Exercise: Starting at the line that contains "Фотообои Аризона пейзаж пустыни", copy every line to the end of the material below exactly, and omit the pictures.

Data:
::::::::::
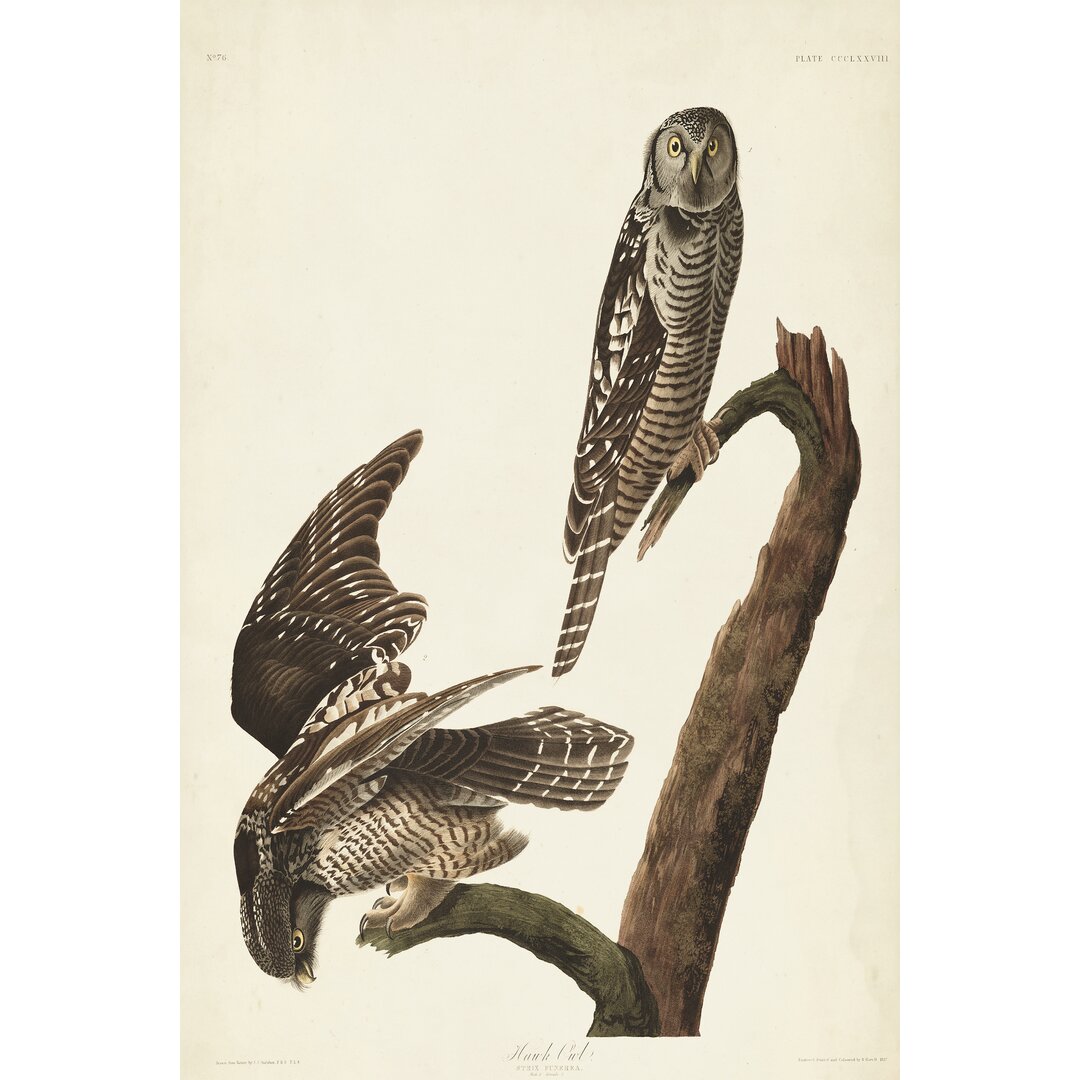 Leinwandbild Pl 378 Hawk Owl von John Audubon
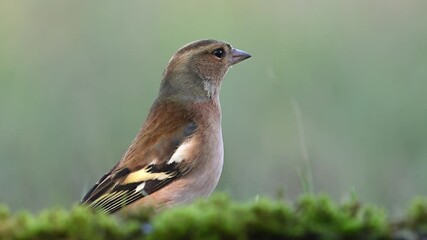 Wall Mural - Common Chaffinch Fringilla coelebs Perched on Moss in the Wild. Observing and Flying Away. Slow motion.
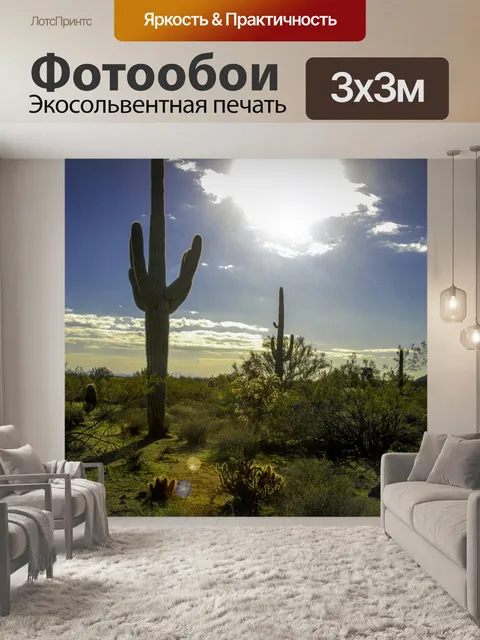 Фотообои Аризона пейзаж пустыни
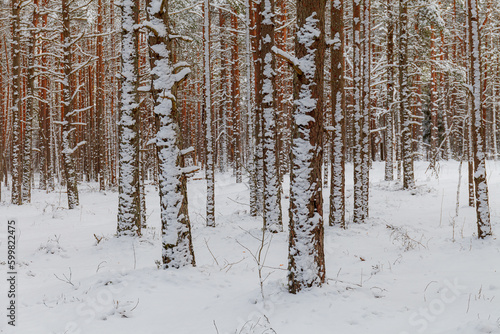 Trunks of pine trees covered with snow. Beautiful winter forest. Winter landscape. White snows covers ground and trees. Majestic atmosphere. Snow nature. Outdoor shot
::::::::::
Exercise result:
 Фотообои Аризона пейзаж пустыни
 Trunks of pine trees covered with snow. Beautiful winter forest. Winter landscape. White snows covers ground and trees. Majestic atmosphere. Snow nature. Outdoor shot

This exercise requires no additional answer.